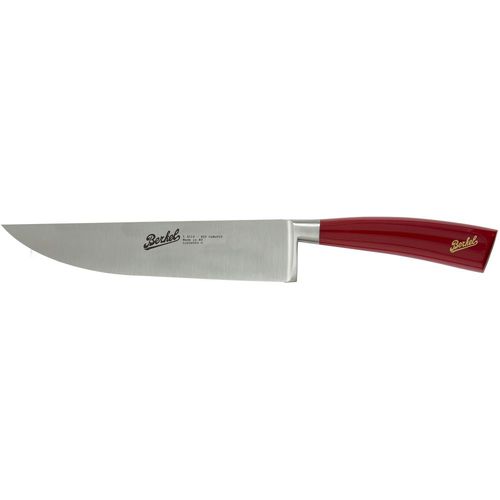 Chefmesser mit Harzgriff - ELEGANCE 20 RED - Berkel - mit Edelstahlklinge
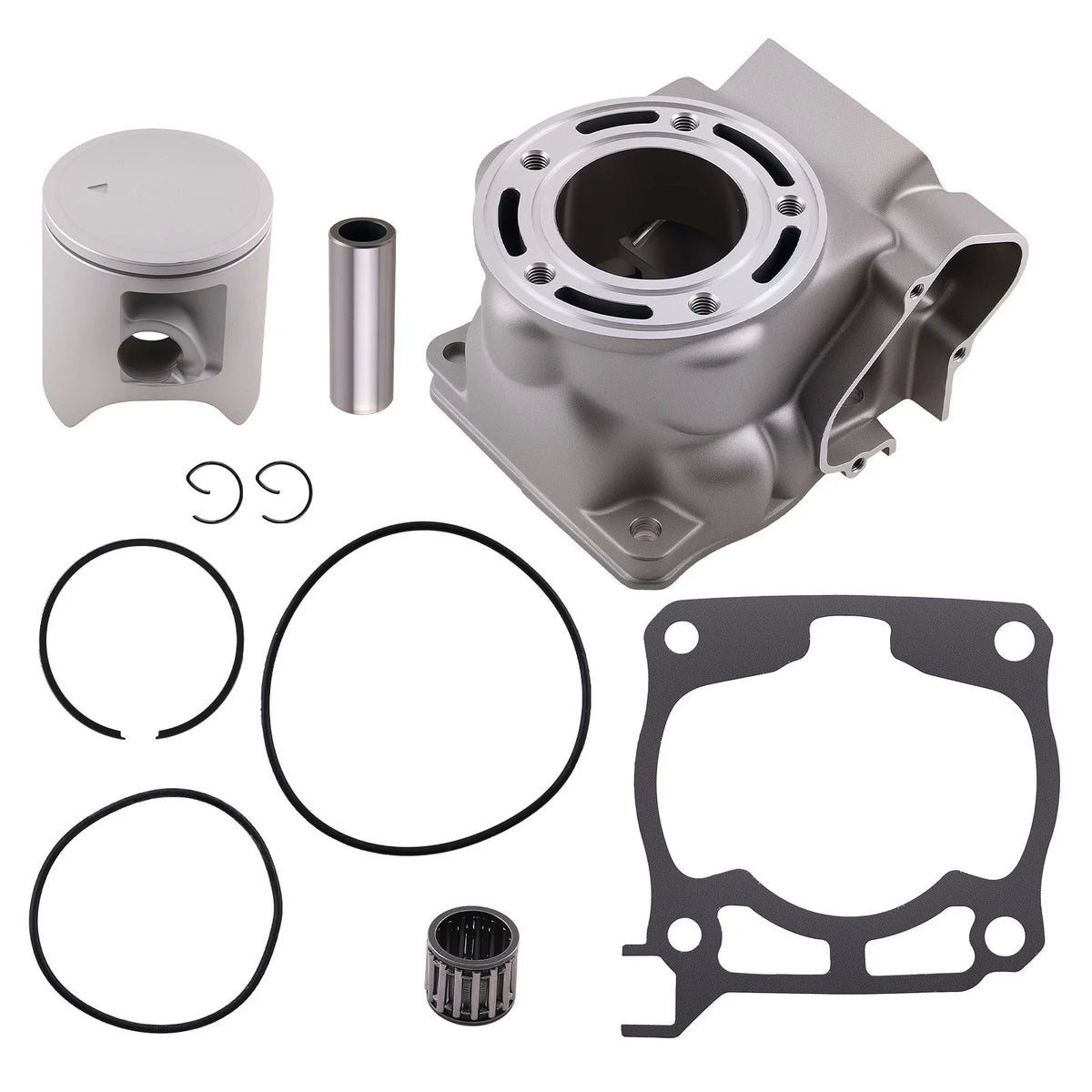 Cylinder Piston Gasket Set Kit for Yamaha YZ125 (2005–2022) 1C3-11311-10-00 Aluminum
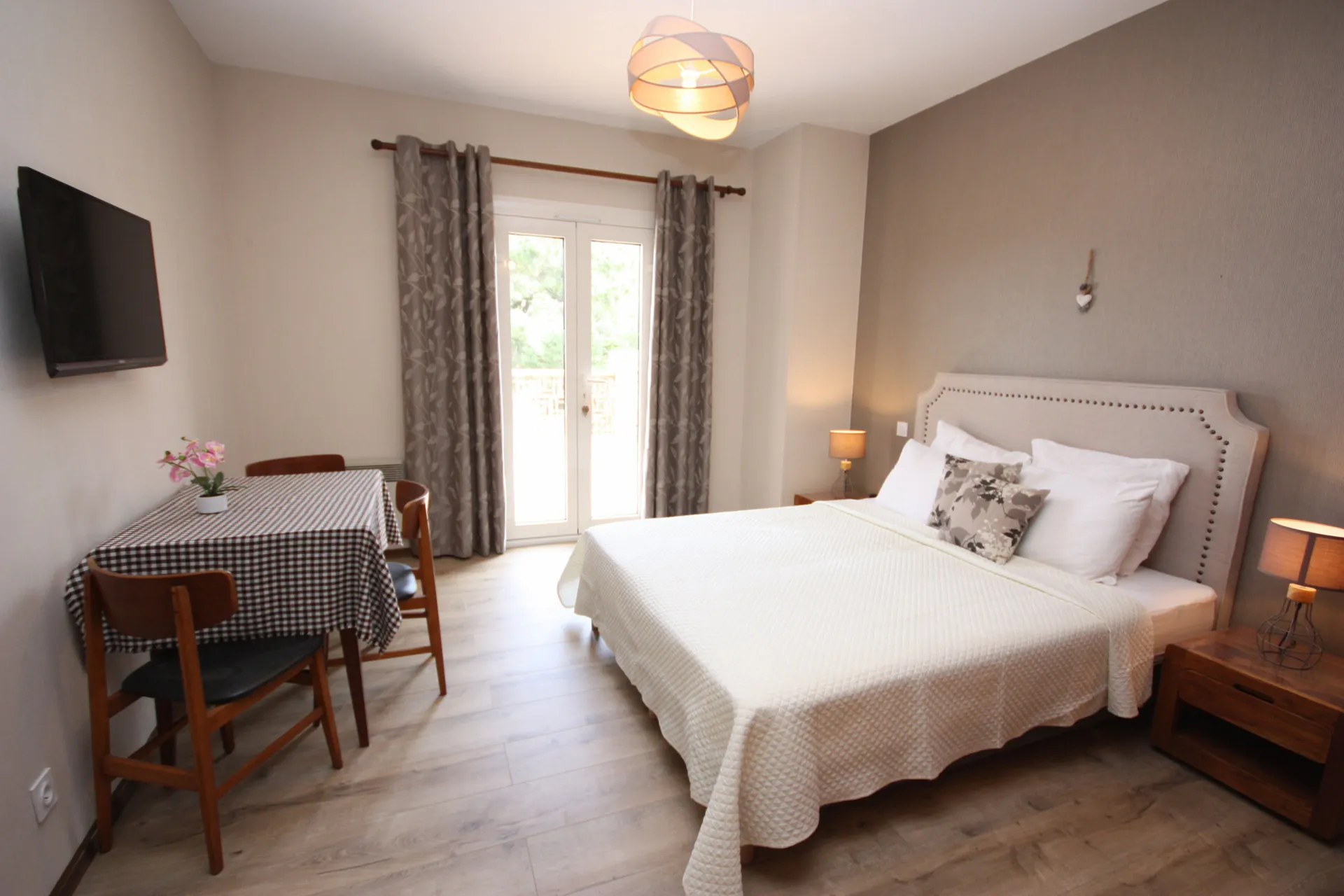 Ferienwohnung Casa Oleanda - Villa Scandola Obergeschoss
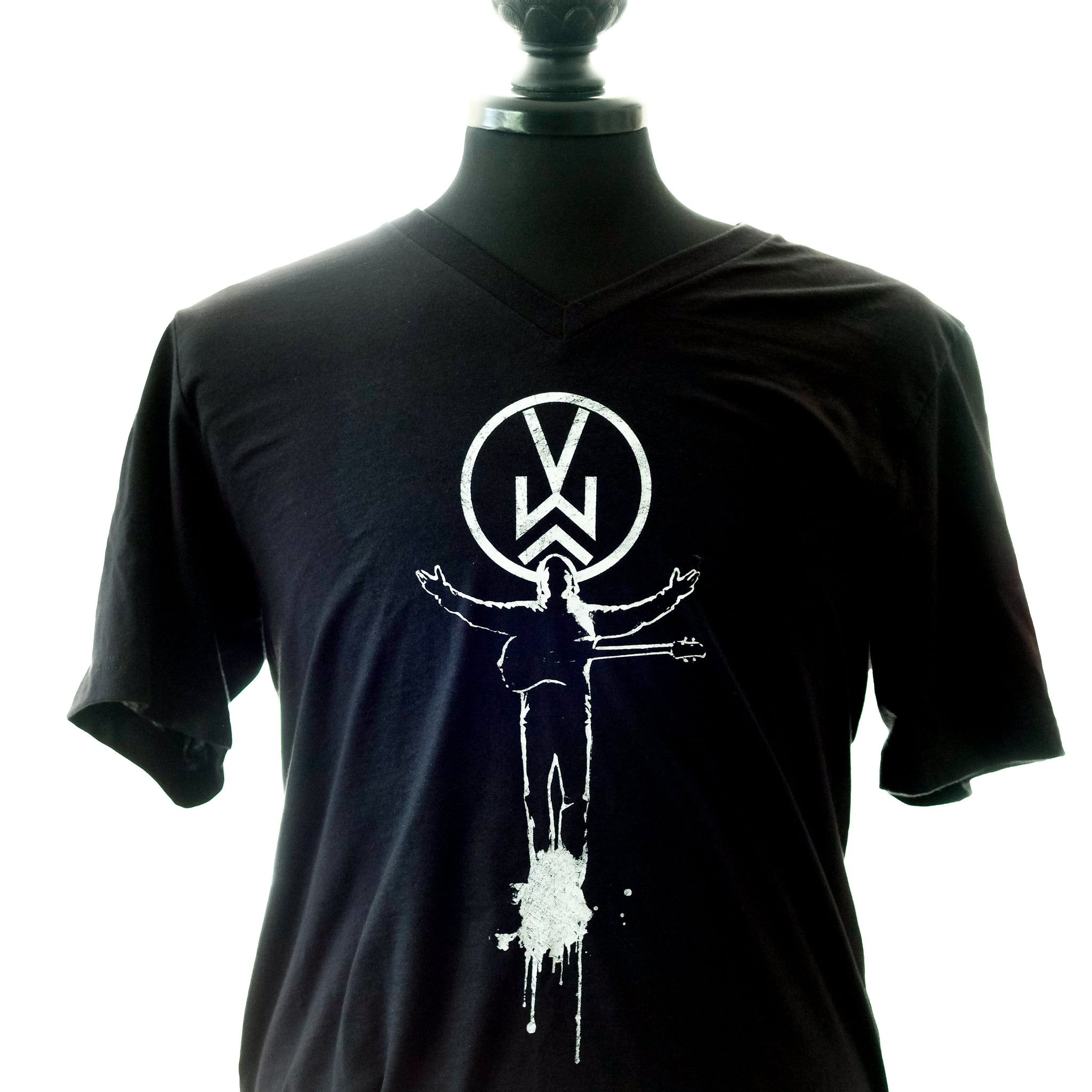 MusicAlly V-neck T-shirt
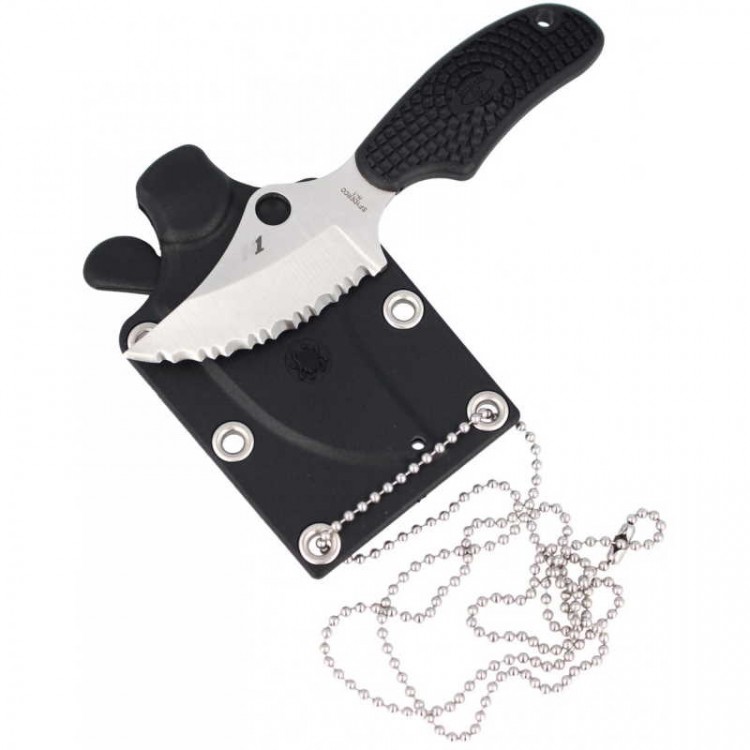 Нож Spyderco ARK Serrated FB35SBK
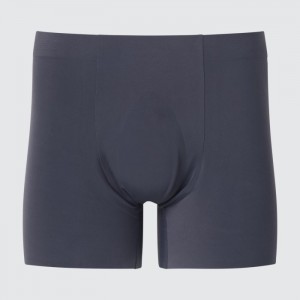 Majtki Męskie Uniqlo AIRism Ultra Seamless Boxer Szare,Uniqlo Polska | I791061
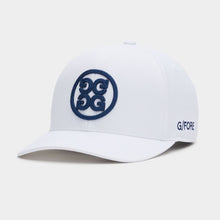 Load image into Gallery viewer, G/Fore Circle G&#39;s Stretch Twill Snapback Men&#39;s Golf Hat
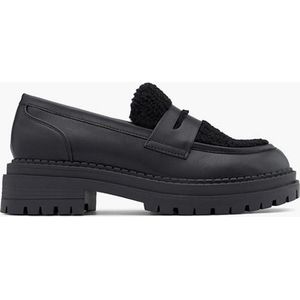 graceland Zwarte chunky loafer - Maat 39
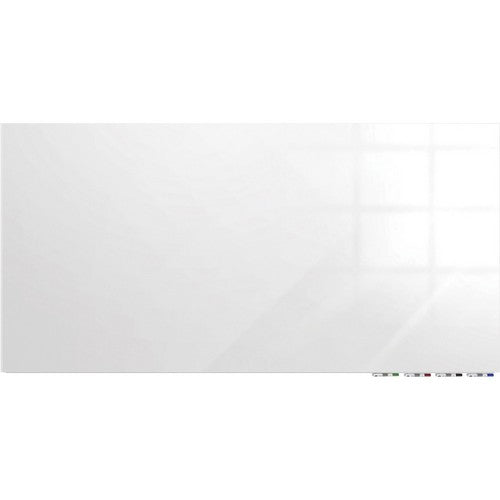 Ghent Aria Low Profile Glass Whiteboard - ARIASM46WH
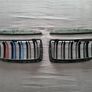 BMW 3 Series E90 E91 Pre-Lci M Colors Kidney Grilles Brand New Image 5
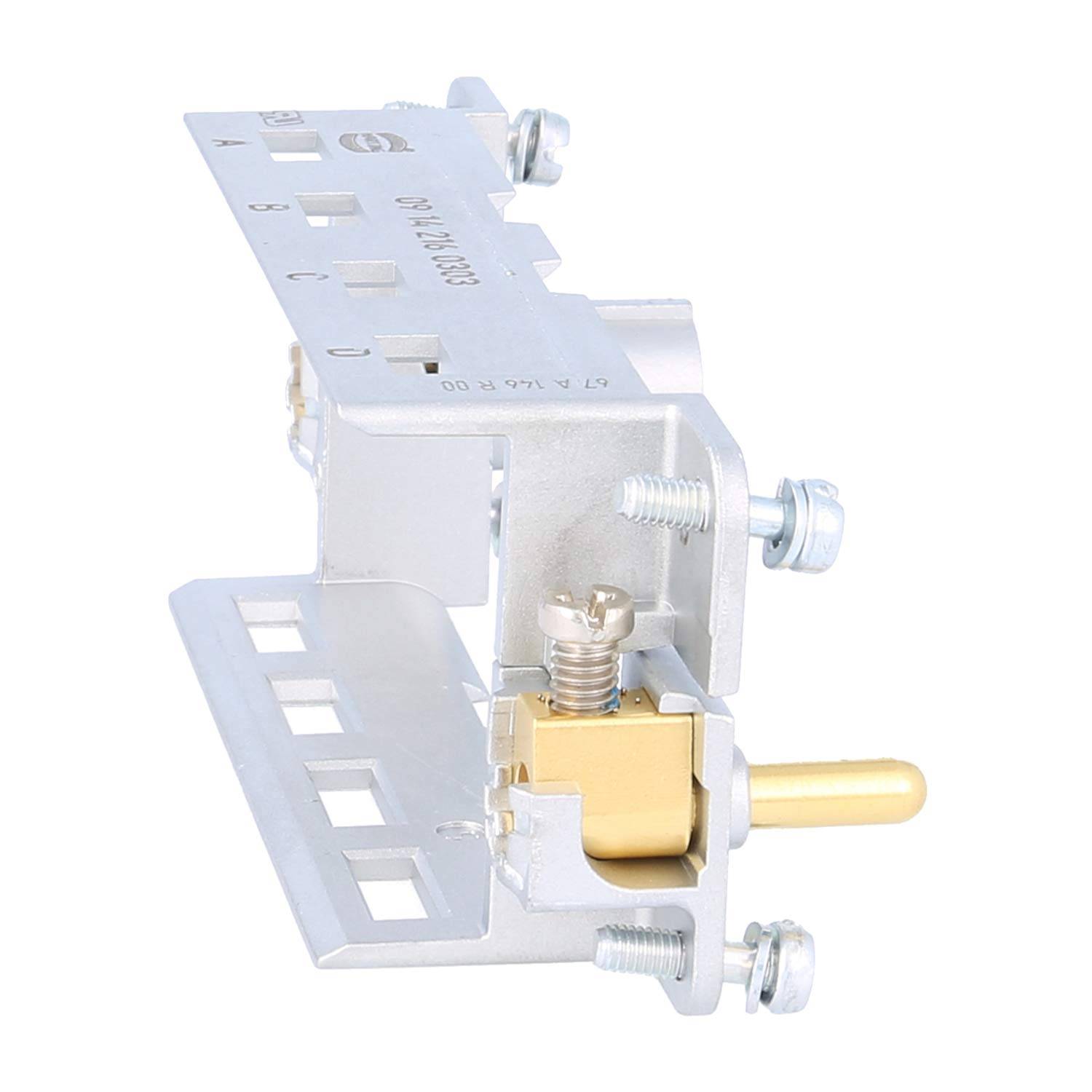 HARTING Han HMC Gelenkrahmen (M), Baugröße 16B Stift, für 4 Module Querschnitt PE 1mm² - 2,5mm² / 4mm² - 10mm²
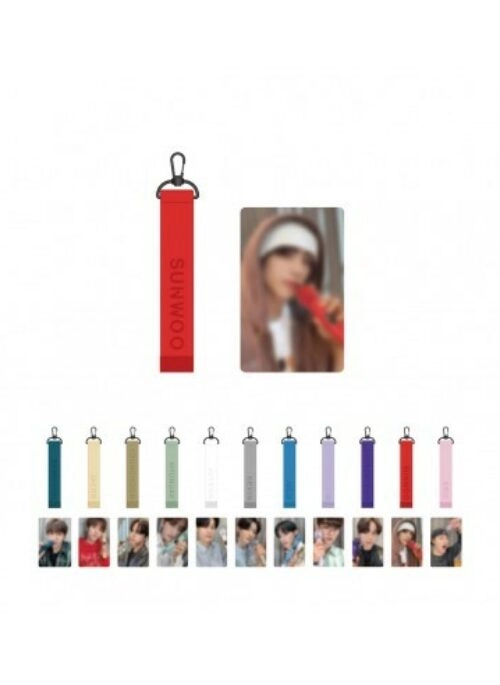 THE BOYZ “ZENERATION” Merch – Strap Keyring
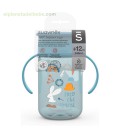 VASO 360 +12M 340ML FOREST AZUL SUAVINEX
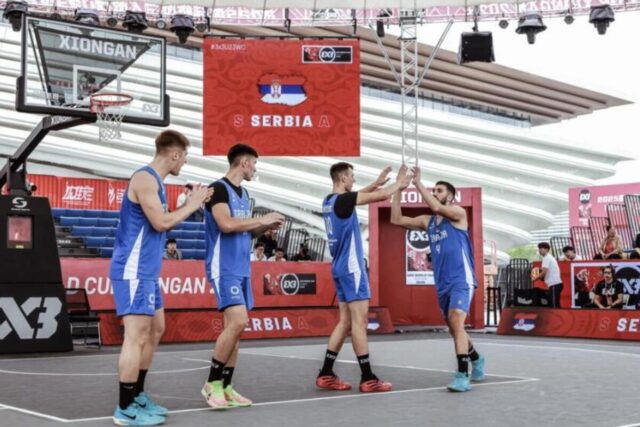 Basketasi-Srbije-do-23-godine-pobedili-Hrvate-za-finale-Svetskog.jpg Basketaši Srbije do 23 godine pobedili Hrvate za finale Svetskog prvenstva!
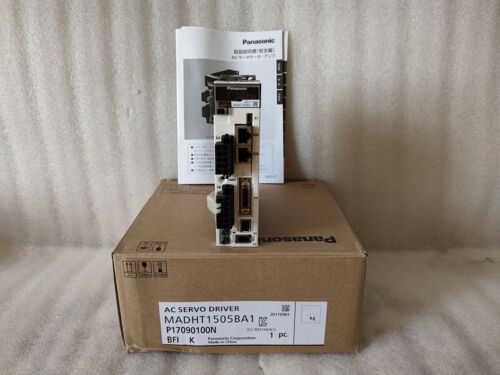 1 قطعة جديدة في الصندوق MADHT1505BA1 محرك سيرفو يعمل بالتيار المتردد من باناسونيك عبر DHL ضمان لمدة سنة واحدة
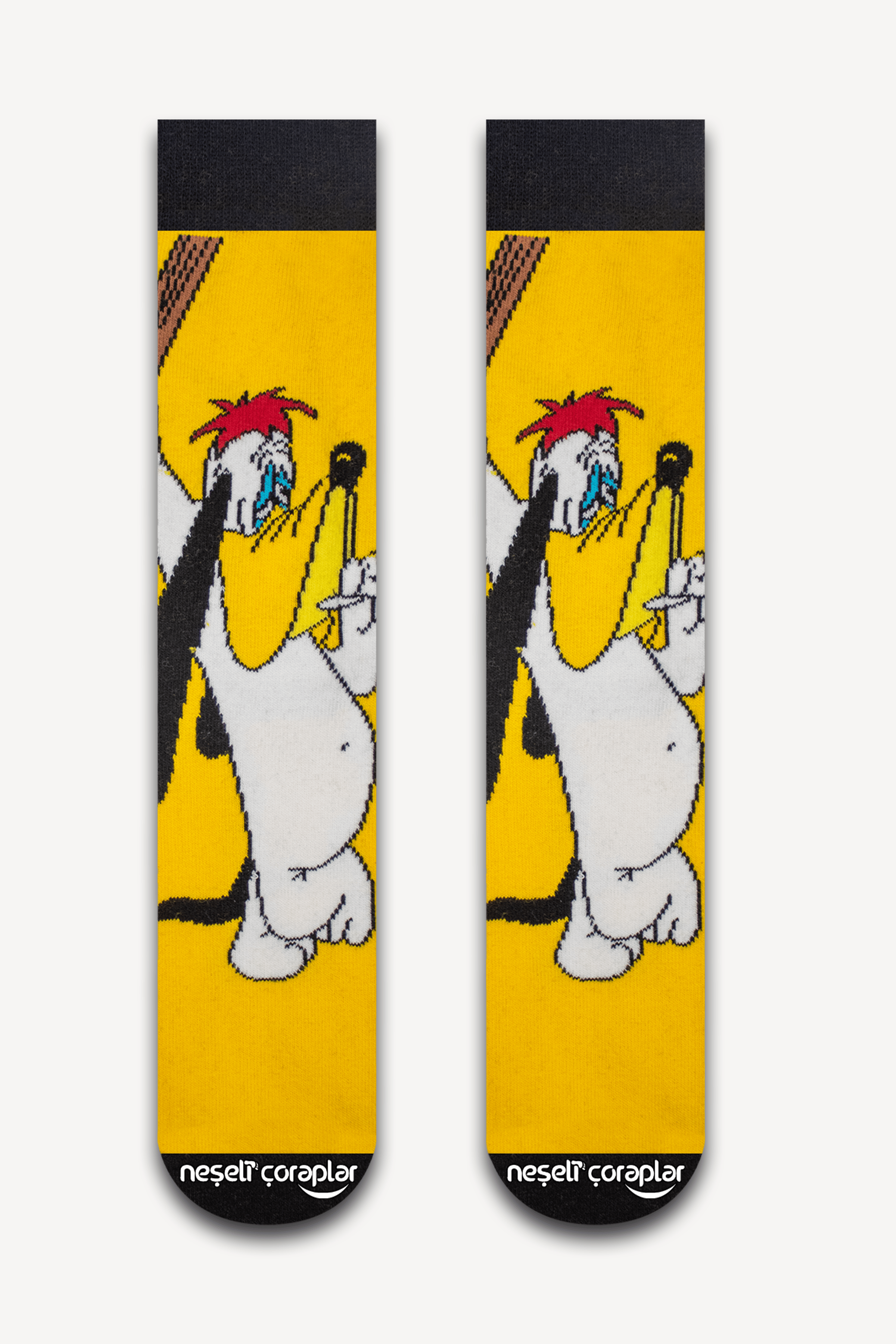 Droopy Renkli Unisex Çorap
______
§ Exercise aim: Word for word, reproduce each line from the one with "Majtki Męskie Uniqlo" through the last line of the material above, both included, and drop the pictures.

§ Task result:
 Majtki Męskie Uniqlo AIRism Ultra Seamless Boxer Szare,Uniqlo Polska | I791061
 Load image into Gallery viewer, G/Fore Circle G&#39;s Stretch Twill Snapback Men&#39;s Golf Hat
 graceland Zwarte chunky loafer - Maat 39
 Ghent Aria Low Profile Glass Whiteboard - ARIASM46WH
 BMW 3 Series E90 E91 Pre-Lci M Colors Kidney Grilles Brand New Image 5
 HARTING Han HMC Gelenkrahmen (M), Baugröße 16B Stift, für 4 Module Querschnitt PE 1mm² - 2,5mm² / 4mm² - 10mm²
 THE BOYZ “ZENERATION” Merch – Strap Keyring
 VASO 360 +12M 340ML FOREST AZUL SUAVINEX
 Basketasi-Srbije-do-23-godine-pobedili-Hrvate-za-finale-Svetskog.jpg Basketaši Srbije do 23 godine pobedili Hrvate za finale Svetskog prvenstva!
 1 قطعة جديدة في الصندوق MADHT1505BA1 محرك سيرفو يعمل بالتيار المتردد من باناسونيك عبر DHL ضمان لمدة سنة واحدة
 Droopy Renkli Unisex Çorap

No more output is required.